Since my mother’s sudden death on 23rd February I have been painting the picture above.  Shivering, smoking too many Marlborough Lights in my tiny makeshift studio at the back of my garage.  Dipping my brush into my green tea instead of my accelerating medium – I have painted with more energy and meaning than ever before.  The portrait of Atwar Bahjat (herself lost to this world on 22 February) has kept me company in my state (seen peeking behind the picture above).  What goes against the grain, is that I am sharing this painting with you unfinished (fellow artists will know this pain).  Like the vital life of my mother – there is a sense of there being much more to do yet.  Aspiration.  Potential.  Incompleteness.   But today, 40 years since my mum gave birth to me – I share this with you.  The painting I have started begins to describe how I feel my mum’s spirit left her to unite with nature around her.
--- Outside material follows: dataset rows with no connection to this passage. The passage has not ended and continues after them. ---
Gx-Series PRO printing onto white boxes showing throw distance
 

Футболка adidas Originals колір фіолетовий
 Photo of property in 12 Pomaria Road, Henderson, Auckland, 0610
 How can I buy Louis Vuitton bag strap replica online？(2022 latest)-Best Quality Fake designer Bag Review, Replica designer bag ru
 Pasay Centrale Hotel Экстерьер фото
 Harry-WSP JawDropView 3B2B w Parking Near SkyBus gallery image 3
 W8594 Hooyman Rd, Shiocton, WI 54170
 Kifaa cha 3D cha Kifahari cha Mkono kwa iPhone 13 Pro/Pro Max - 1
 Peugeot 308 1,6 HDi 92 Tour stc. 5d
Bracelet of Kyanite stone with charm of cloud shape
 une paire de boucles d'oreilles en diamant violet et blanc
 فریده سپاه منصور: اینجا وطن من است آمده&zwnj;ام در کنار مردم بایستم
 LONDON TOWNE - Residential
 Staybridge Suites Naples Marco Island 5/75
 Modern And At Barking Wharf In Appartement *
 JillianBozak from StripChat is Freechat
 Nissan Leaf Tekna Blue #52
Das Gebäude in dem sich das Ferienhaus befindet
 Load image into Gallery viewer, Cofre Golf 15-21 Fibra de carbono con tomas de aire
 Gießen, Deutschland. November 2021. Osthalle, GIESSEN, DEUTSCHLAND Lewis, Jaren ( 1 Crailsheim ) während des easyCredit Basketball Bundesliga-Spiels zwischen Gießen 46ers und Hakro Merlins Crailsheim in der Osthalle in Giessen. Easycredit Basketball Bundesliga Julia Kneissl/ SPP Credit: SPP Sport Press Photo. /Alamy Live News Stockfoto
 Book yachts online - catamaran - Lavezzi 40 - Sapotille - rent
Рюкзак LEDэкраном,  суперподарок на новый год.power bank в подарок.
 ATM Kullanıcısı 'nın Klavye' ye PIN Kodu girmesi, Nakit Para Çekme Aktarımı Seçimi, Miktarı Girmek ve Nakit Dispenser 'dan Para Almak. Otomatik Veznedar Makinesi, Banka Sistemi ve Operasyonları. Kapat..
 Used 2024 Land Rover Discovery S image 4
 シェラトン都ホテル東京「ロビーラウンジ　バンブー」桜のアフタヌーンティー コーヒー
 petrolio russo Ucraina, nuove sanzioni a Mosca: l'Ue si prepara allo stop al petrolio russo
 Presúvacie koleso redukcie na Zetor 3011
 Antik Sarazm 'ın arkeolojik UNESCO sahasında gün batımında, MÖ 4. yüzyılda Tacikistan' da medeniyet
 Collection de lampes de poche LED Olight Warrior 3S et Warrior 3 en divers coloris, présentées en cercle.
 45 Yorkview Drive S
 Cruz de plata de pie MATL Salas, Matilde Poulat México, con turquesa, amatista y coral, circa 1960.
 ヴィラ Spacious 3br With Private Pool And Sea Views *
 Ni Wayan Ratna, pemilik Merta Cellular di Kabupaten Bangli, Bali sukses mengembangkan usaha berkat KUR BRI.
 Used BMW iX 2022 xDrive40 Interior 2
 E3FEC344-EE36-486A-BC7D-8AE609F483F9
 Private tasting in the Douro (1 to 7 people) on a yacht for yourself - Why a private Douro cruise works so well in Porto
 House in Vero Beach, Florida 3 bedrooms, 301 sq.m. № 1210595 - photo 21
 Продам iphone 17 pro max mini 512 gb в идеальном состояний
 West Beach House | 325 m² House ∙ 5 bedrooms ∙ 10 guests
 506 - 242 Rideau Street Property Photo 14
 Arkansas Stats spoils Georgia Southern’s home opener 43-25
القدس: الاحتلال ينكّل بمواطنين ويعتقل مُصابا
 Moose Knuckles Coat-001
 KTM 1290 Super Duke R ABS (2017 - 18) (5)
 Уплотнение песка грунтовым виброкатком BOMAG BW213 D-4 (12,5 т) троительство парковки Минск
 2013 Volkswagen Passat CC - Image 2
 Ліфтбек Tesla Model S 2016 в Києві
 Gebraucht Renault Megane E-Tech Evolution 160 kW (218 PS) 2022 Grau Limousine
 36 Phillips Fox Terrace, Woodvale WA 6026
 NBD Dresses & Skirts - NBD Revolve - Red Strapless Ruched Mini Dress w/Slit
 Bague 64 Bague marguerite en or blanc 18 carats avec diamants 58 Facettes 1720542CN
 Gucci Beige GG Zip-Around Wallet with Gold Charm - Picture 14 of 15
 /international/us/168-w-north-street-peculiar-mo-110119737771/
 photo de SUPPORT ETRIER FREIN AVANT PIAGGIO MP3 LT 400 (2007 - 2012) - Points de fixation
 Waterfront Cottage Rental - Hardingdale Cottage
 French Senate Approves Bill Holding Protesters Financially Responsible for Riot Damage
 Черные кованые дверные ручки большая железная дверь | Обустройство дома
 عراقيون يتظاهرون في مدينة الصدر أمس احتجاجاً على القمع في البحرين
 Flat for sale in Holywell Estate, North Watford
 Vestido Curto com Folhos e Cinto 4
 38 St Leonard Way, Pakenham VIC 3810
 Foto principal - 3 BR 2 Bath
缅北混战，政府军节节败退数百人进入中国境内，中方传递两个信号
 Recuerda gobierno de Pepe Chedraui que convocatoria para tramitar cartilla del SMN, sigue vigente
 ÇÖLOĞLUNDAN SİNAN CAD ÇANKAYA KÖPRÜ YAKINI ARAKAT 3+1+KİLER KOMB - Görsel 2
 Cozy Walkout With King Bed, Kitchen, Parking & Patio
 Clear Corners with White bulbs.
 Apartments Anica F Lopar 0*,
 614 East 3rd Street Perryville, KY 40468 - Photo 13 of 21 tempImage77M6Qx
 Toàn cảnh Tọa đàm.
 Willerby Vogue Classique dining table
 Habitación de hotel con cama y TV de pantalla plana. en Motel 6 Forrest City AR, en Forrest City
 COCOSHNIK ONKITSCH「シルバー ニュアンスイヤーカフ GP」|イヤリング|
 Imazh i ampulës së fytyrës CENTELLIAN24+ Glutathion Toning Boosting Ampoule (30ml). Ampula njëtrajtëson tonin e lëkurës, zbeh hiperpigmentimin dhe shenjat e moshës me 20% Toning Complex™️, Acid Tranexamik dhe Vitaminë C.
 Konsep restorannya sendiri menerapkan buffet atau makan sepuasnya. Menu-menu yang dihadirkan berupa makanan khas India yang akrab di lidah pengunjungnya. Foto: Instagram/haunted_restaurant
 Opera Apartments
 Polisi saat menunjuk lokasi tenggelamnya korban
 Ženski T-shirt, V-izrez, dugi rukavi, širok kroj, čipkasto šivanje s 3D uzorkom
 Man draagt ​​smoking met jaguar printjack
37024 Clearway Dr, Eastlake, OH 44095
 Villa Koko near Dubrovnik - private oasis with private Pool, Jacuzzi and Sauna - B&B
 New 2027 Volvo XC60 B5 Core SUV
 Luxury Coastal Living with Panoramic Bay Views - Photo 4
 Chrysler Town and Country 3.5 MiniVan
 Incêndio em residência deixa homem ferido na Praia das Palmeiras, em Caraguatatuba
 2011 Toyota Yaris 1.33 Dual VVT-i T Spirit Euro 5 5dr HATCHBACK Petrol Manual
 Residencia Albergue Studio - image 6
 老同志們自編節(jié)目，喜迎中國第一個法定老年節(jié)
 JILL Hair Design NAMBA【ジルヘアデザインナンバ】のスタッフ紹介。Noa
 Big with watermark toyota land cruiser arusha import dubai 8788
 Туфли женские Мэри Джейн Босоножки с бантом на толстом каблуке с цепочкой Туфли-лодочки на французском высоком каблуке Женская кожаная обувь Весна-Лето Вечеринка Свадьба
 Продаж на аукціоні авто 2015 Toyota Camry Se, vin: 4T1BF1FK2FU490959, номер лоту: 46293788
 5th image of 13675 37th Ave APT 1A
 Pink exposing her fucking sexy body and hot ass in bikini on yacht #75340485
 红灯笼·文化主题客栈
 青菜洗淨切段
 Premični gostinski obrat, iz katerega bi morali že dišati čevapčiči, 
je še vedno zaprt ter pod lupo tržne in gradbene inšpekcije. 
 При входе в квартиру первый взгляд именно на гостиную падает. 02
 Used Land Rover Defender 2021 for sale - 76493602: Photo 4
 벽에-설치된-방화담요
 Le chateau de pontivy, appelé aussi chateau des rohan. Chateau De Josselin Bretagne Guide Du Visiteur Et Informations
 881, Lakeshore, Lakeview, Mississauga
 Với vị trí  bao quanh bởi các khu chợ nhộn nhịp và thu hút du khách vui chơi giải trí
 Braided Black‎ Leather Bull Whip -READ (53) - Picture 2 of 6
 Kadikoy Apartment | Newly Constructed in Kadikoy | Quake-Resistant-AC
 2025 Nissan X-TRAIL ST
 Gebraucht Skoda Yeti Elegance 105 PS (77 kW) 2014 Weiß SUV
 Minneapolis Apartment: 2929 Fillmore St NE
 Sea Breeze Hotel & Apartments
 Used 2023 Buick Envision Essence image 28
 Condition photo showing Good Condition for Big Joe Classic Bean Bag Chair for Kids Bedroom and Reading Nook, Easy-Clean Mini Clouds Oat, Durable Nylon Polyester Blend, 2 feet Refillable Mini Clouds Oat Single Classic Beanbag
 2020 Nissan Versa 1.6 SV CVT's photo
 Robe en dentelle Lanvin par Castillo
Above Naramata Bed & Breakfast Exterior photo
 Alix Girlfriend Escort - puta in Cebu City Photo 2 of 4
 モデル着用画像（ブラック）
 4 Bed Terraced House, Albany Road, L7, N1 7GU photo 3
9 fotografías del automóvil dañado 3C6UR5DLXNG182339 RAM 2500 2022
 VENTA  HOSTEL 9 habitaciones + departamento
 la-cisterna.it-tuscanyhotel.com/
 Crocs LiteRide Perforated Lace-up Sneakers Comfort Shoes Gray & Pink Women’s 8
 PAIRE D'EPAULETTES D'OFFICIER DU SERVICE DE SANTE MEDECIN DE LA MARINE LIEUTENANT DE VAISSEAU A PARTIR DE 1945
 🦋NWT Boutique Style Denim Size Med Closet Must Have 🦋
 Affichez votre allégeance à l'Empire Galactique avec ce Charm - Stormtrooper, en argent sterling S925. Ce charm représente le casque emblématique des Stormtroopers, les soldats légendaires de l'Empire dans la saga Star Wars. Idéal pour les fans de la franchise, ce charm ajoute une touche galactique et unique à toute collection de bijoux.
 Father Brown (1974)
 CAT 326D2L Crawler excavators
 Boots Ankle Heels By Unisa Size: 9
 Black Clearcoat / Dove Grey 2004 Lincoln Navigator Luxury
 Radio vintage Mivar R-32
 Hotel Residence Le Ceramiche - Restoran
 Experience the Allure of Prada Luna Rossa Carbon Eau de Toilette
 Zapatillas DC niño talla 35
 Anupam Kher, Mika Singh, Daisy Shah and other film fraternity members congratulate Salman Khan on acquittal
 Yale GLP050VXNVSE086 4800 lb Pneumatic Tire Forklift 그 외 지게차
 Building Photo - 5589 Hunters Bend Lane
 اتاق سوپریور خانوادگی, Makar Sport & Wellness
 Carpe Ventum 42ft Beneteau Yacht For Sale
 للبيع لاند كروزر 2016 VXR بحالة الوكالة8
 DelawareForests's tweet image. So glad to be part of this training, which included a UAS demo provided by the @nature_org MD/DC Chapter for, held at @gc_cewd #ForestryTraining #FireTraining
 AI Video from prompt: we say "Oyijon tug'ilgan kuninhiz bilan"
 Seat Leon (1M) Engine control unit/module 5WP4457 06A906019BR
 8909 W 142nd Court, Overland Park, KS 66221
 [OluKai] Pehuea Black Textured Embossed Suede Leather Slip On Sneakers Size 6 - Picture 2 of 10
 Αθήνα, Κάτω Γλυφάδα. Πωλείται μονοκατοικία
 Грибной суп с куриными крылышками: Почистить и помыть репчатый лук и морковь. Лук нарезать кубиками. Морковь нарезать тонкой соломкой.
Over the past few weeks I have felt the love and support of so many.  Those at my side on a daily basis, renewed contact from those afar, and the moving sentiment from strangers.  My virtual blogging friends told me to “just write” whatever comes to mind, whatever you can – so this blog posting, like the painting has been in the making since the end of February.  The delete key has been my friend and my enemy as I have lost many a word in my daily re-edit of this text.  But as with everything – I guess this remains unfinished.

Last week I wrote: “I have been barely able to string a sentence let alone compile a blog posting.   And I seem to be in decline…..”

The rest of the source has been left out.